Корнелиусу всегда казалось, что отец старается сбросить грех, как змея сбрасывает кожу, и явить миру свою благую суть. Только в это последнее утро под вой вьюги за окном раскрылось истинное горе старика:

— Я так и не выслужился до высокого звания…

Что позволило Корнелиусу ограничиться скромными похоронами. «Я не жесток, — убеждал он себя. — Лишь так можно почтить его память, скрыть его от мира, лишить их повода для торжества». Только можно ли почтить чью-то память похоронами, на которые никто не пришел?

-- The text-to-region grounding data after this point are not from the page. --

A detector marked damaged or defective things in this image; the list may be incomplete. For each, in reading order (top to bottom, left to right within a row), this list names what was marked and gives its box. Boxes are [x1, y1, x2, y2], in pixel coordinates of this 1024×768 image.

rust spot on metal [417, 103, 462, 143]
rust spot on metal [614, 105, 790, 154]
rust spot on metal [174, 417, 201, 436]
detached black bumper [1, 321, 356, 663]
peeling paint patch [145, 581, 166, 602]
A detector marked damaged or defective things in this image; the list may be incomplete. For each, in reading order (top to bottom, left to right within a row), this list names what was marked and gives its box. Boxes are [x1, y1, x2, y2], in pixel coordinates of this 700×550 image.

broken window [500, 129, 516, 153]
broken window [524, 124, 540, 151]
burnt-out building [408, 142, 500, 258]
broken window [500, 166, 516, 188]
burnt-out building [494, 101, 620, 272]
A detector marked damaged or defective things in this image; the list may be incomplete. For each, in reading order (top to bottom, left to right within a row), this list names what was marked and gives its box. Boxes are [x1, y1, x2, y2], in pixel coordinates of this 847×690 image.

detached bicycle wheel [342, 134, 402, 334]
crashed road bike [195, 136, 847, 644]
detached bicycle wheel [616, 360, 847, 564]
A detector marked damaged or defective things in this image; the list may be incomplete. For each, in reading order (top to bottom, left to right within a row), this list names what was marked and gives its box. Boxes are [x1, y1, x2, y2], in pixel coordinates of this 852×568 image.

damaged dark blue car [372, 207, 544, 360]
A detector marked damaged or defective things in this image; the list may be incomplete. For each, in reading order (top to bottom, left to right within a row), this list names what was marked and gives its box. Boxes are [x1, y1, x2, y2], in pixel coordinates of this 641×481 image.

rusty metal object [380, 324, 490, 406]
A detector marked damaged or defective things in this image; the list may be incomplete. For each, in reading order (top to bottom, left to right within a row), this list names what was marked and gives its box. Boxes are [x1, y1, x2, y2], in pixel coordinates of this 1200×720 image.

Корнелиус старался как мог — пока жив был отец — выкорчевать из себя всякое отвращение к его поступкам. Старался изо всех сил, тут его никто не упрекнет. Один, в отцовском кабинете, сидя в том самом кресле, цвет которого вдруг стал напоминать ему синяк, Корнелиус читал завещание. Он заставлял себя прочесть каждую строчку, а не просто пробежать глазами по документу в поисках долгожданных слов — слов, завещающих ему «картину с портретом девушки, занятой шитьем у окна».

Сейчас — к счастью или нет — картина принадлежала ему. Стоило войти в кабинет, сразу чувствовалось ее присутствие.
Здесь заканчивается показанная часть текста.